With several prominent experts projecting a record-setting year for gold, there may have never been a better time to diversify with precious metals.
Alternatively, here are three reasons that experts are projecting gold to reach all-time highs.
1. Central Bank Gold Buying Just Reached an All-Time Quarterly Record
The World Gold Council reported that global central bank purchases leapt to almost 400 tons in the third quarter of 2022. This represents the largest single quarter of demand for gold ever. Equally as important, it lifted the year-to-date total of purchases to 673 tons: the highest of any full year since 1967, when the U.S. dollar was actually backed by gold.
In 1967, European central banks bought massive volumes of gold from the U.S., leading to a run on the price and the collapse of the London Gold Pool of reserves. That hastened the eventual demise of the gold standard, and made the U.S. dollar the main reserve asset of most countries in the world.

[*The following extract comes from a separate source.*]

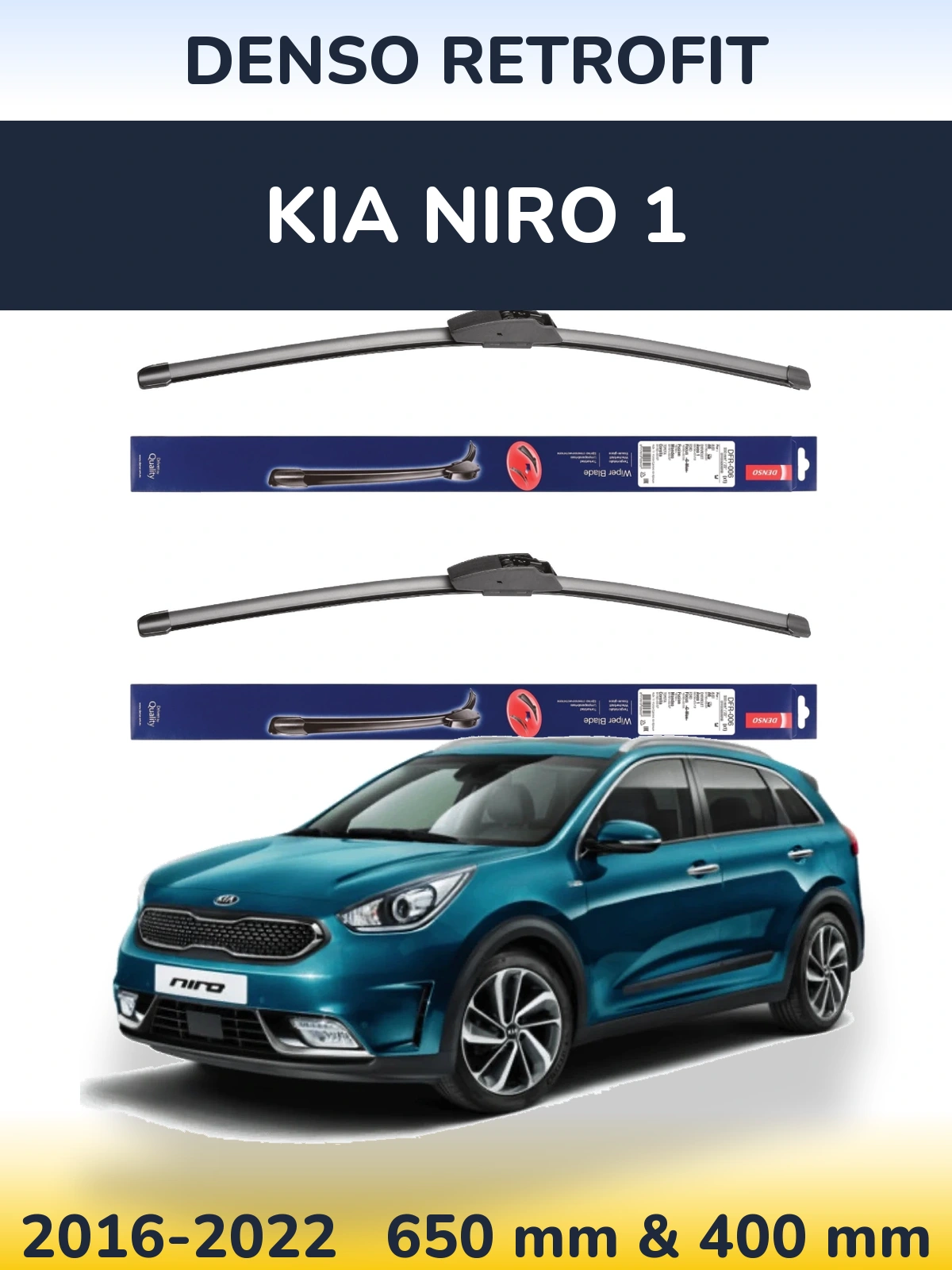 Комплект передних дворников Denso Retrofit 650 & 400 мм для KIA Niro 1 2016-2022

Ironically, the message these central banks are now sending by putting a larger share of their reserves in gold is that they don’t want to rely on the dollar as their primary reserve asset. Like many Americans, they are also losing faith in it.
2. Weakening U.S. Dollar
Gold prices and the value of the U.S. dollar are generally inversely related. This means that a stronger dollar tends to keep the price of gold lower and more controlled, while a weaker dollar tends to drive the price of gold higher. This is also why gold is perceived as one of the few ultimate hedges against inflation, when prices rise and the value of the dollar falls. As inflation increases, so does the price of gold.
It’s no secret that the dollar has been weakening recently, as seen by central banks’ newfound preference for gold.
According to senior analysts at Wells Fargo, the dollar is expected to depreciate significantly during the second half of 2023 as monetary policy eases in the United States.
3. A Dovish Federal Reserve
The Federal Reserve and its chairman — Jerome Powell — were very aggressive with rate hikes for the majority of 2022. The aggressive interest-rate campaign sent the dollar soaring and hurt gold in the process, but fortunately, that script has flipped in recent months.
While the Fed implemented burdensome 75 basis point hikes for the majority of 2022, they reduced the amount to 50 basis points for the final hike of the year. Moreover, several notable Federal Reserve board members, including Vice Chair Lael Brainard, have expressed their belief in lowering or pausing rate hikes as the next step toward fixing the economy. Many successful investors believe that these factors indicate lower hikes for the foreseeable future.
Lower rates have historically increased demand for gold bullion in comparison to interest-bearing assets, as shown by gold surging to an eight-month high following the 50-point hike. This is yet another reason to have high expectations for the performance of precious metals this year.
Many of the most influential investors in the world are bullish about the price of gold in 2023, and the reasons are clear.
Before investing in gold, it is important to learn about the market and stay up-to-date with current trends to gain a better overall understanding. Though gold is considered one of the most dependable long-term investments,
investors should start by setting financial goals and weighing the pros and cons.